INCREASED TURNOVER THRESHOLD FOR SMALL BUSINESS INCOME TAX CONCESSIONS
The small business entity turnover threshold will be increased from $2m to $10m from 1 July 2016.
The increased threshold means businesses with an annual turnover of less than $10m will be able to access existing small business income tax concessions including the:
• lower small business corporate tax rate (which will be reduced to 27.5% from the 2016/17 income year);
• simplified depreciation rules, including accelerated depreciation through the small business pooling provisions;
• immediate deduction of assets costing less than $20,000 available until 30 June 2017 (refer below);
• option to account for GST on a cash basis (refer below);
• simplified method of paying PAYG instalments; and
• other tax concessions such as the extension of the FBT exemption for work-related portable electronic devices available from 1 April 2016 and the immediate deduction of professional expenses under s 40-880 of ITAA 1997.
Note: the increased $10m threshold will not be applicable for accessing the small business capital gains tax concessions.

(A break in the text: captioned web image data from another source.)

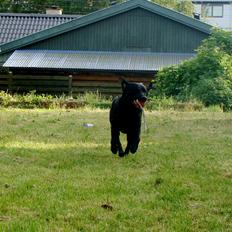 Labrador retriever Buddy
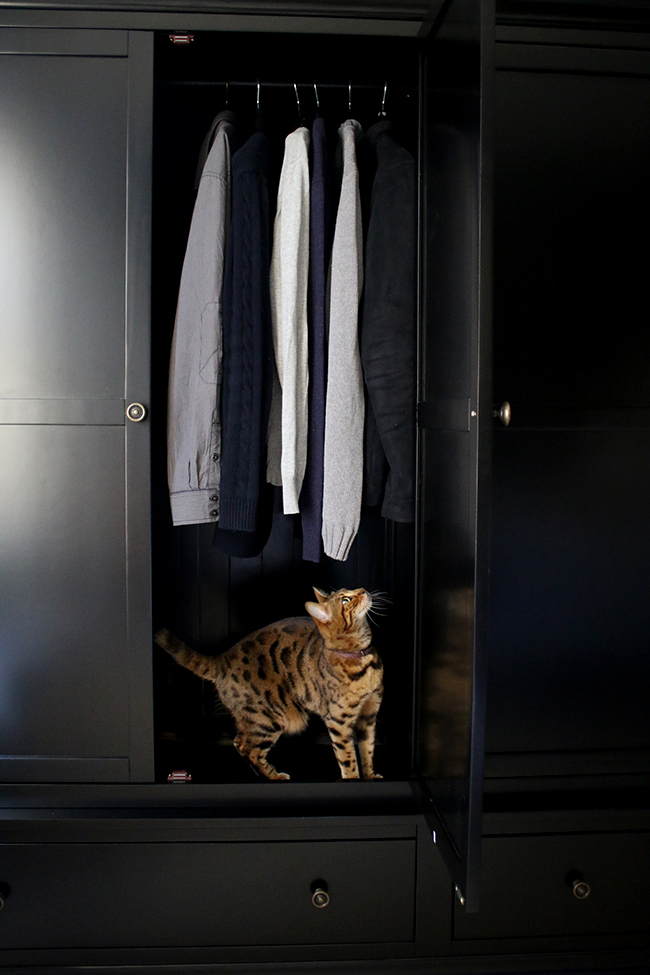 black wardrobe with bengal cat inside - see more on www.swoonworthy.co.uk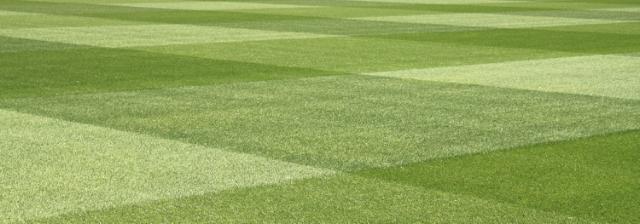 Green and resilient field of 4turf grass.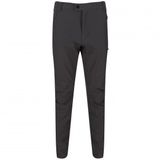 Regatta Highton Gri Erkek Pantolon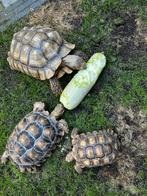 Een goed huis voor landschildpadden. ( opvang), Dieren en Toebehoren, Schildpad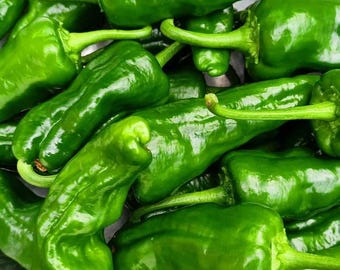 May include: A close-up of a pile of green bell peppers. The peppers are smooth and shiny, and they are all arranged in a random pattern.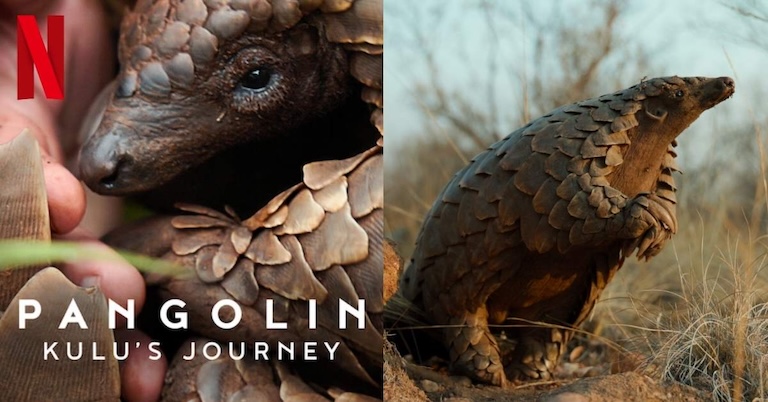 Promotional images of new Netflix documentary Pangolin: Kulu's Journey.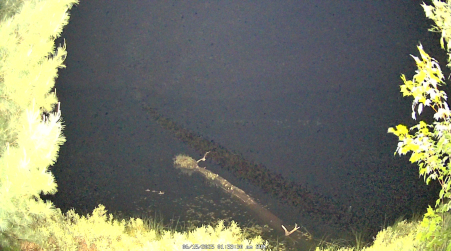 Image from 2025-06-15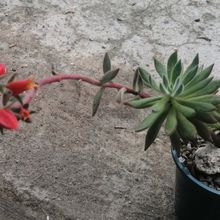 A photo of Echeveria harmsii  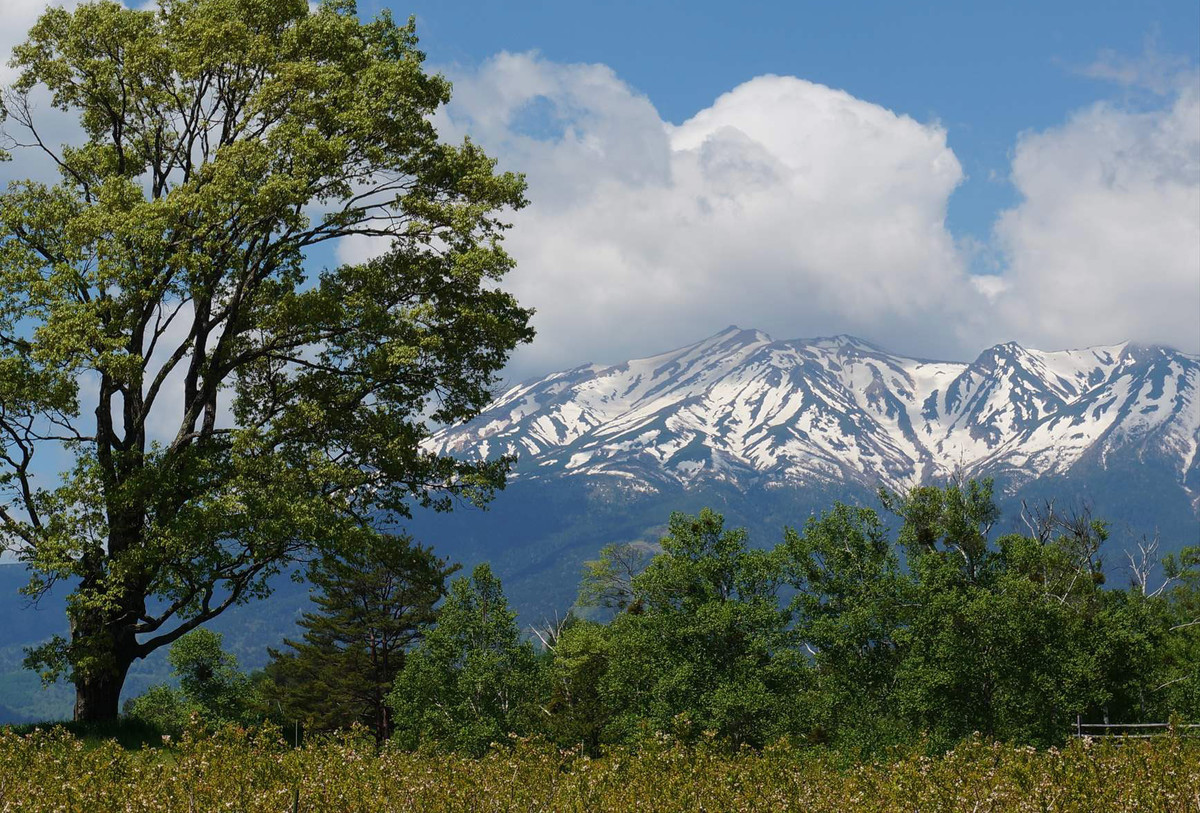 f:id:hashiba511:20210531065909j:plain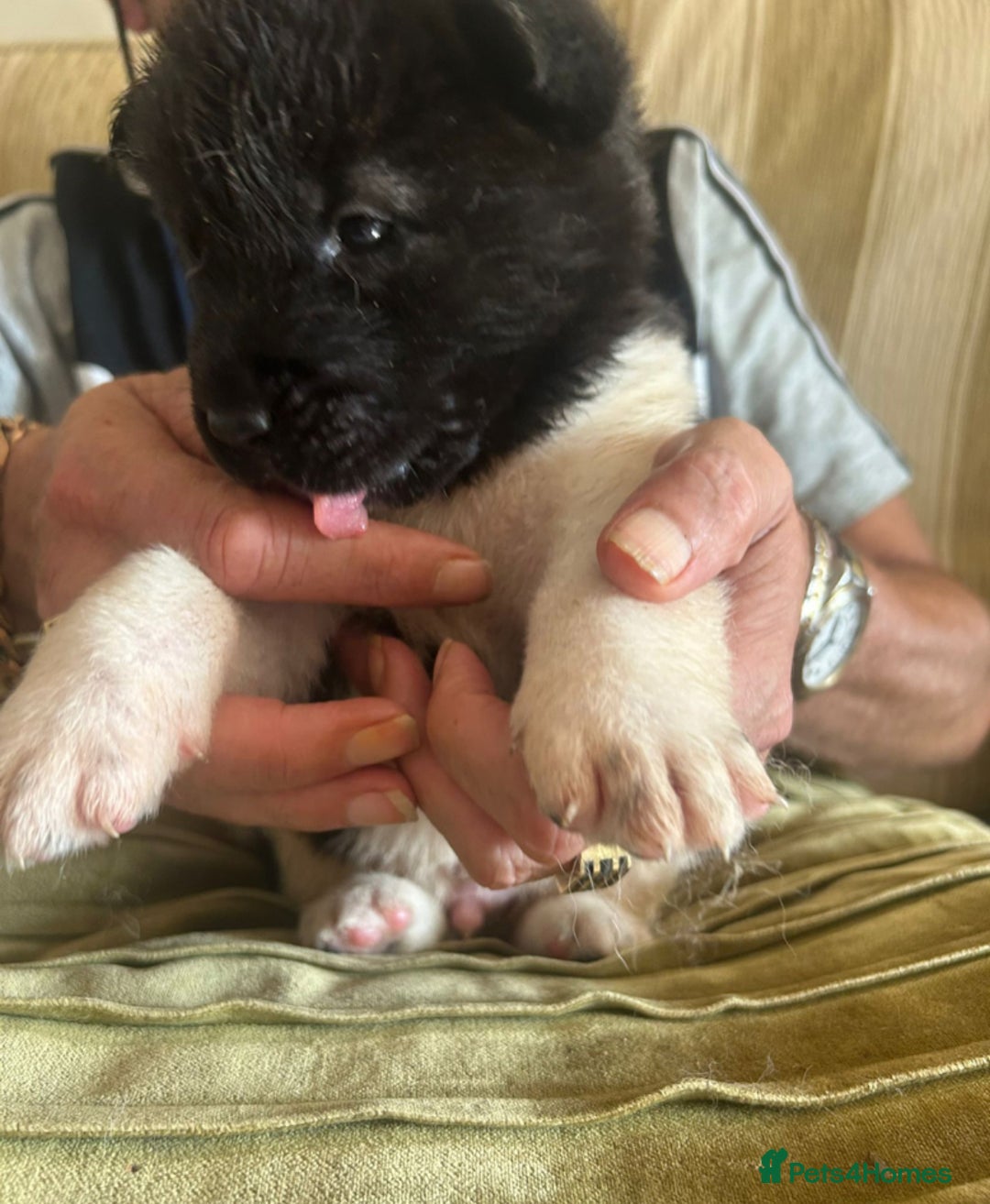 Akita dogs for sale:  ⭐ READY NOW adorable chunky A/AKITAS - Image 15
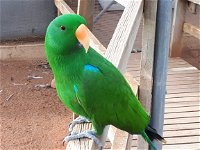 Eyre Reptile  Wildlife Park - Accommodation Redcliffe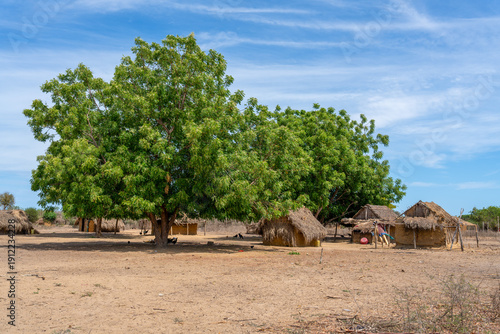 Madagascar, traditional village with straw houses under huge mango trees.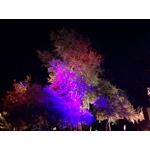 Zdjęcia użytkowników Huawei P9 Lite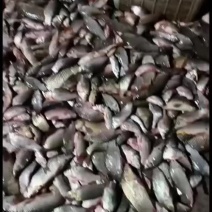 需要的抓紧联系啊私信吗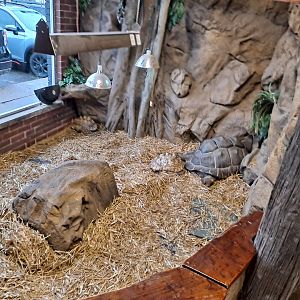 Matilda the Aldabra Tortoise and Leopard Tortoises (11/14/24)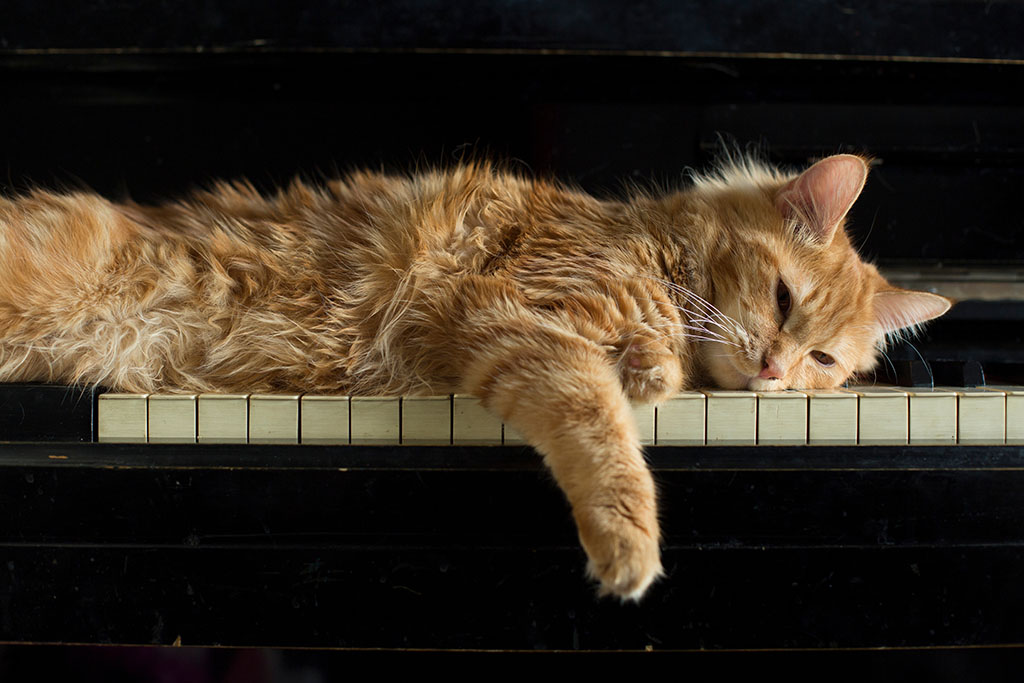 Music concept and domestic animals. cat's paw and face  lies on the keys, resting. Red Kitty on piano keys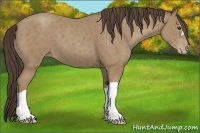 Horse Color:Classic Champagne 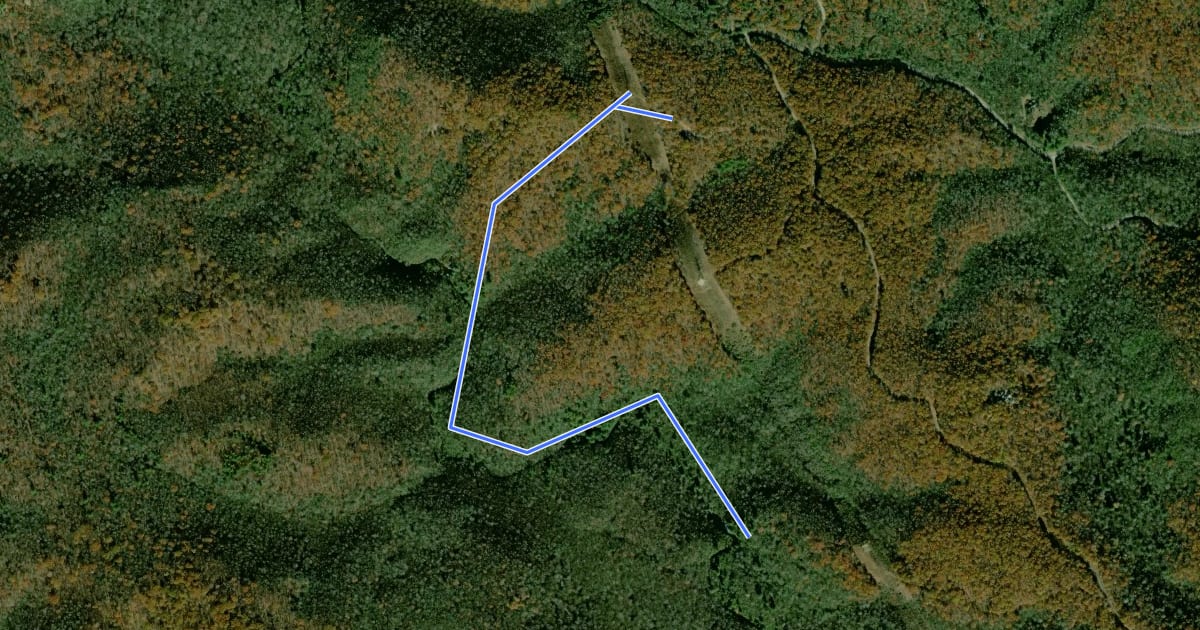 Маршрут Greenland Creek Trail на спутниковом снимке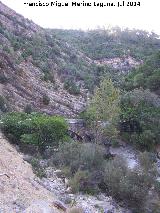 Puente de los Caracolillos. 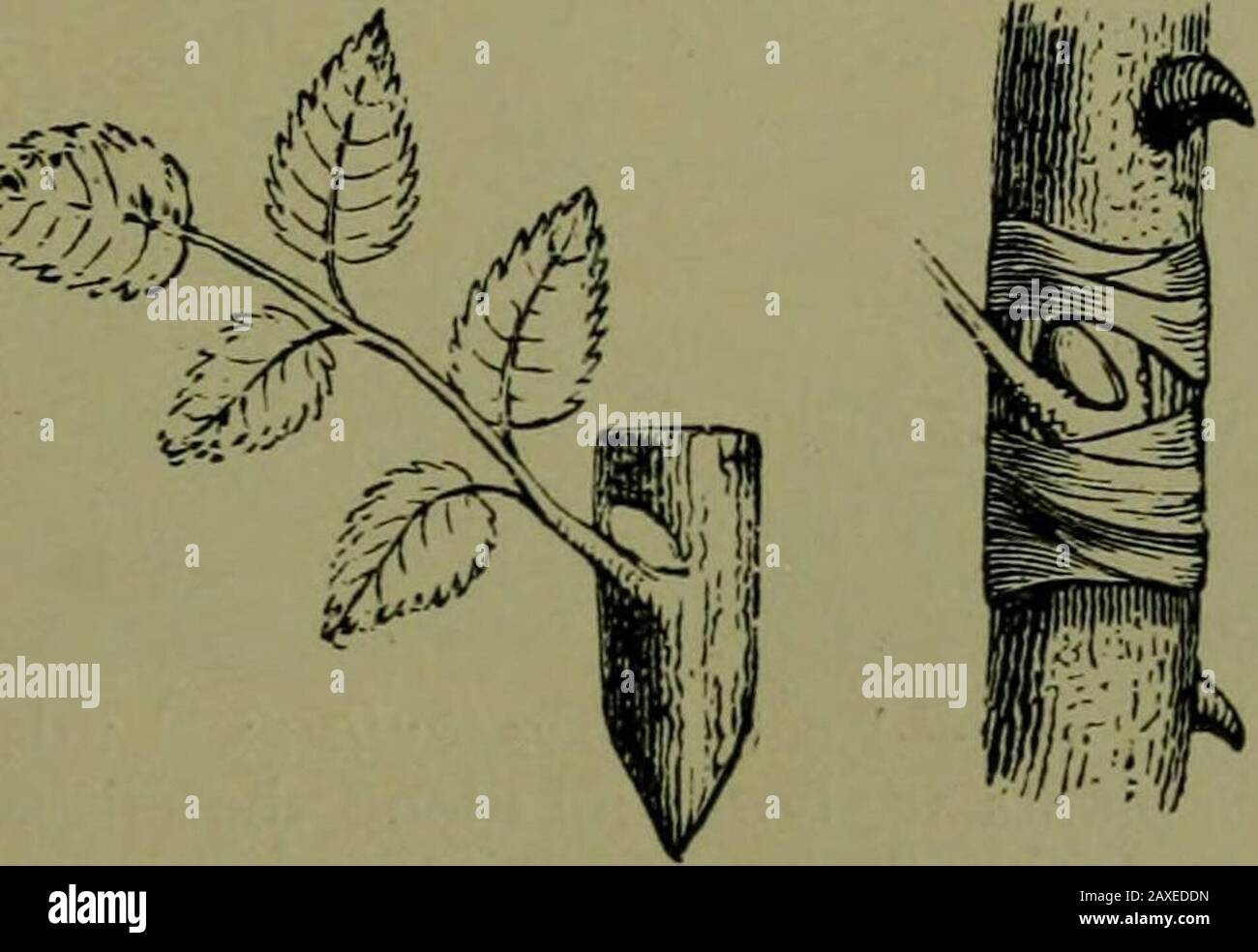 Plants and their ways in South Africa . Fig. 109.—Grafting; d, the stock to which the graft is attached. Thevarious elements in the process of budding. (From Thom^ and BennettsStructural and Physiological Botany.) Vegetative reproduction is sure and economical, a disad-vantage arises from the close crowding of new plants. 122 Plants and their Ways in South Africa Grafting and Budding.—When plants are grown fromseeds they often differ from the parent plant, owing to the factthat the ovules have been cross fertilized, i.e. pollen has beenbrought from another variety or species. Grafting is resor Stock Photo
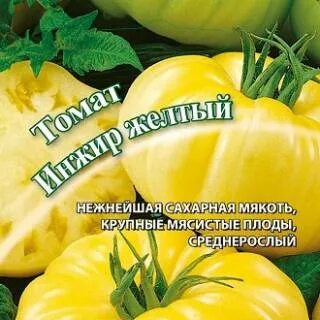 Характеристика томата инжир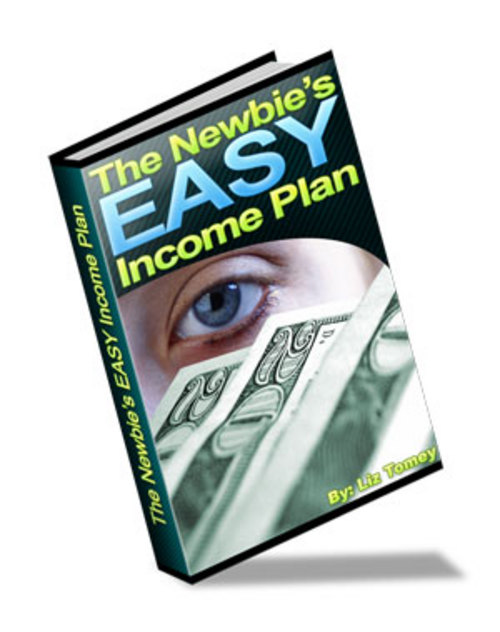 Product picture The Newbies EASY Income Plan + 25 FREE Reports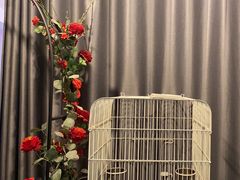 -JOJO实景沉浸侦探剧本杀(大悦城店)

These concessions will remain available only for small businesses with a turnover of less than $2m or that satisfy the maximum net asset value test.
CONTINUATION OF INSTANT ASSET WRITE-OFF FOR SMALL BUSINESS
The instant asset write-off scheme, which was previously available to businesses turning over up to $2m annually, will be extended to businesses turning over up to $10m from 1 July 2016.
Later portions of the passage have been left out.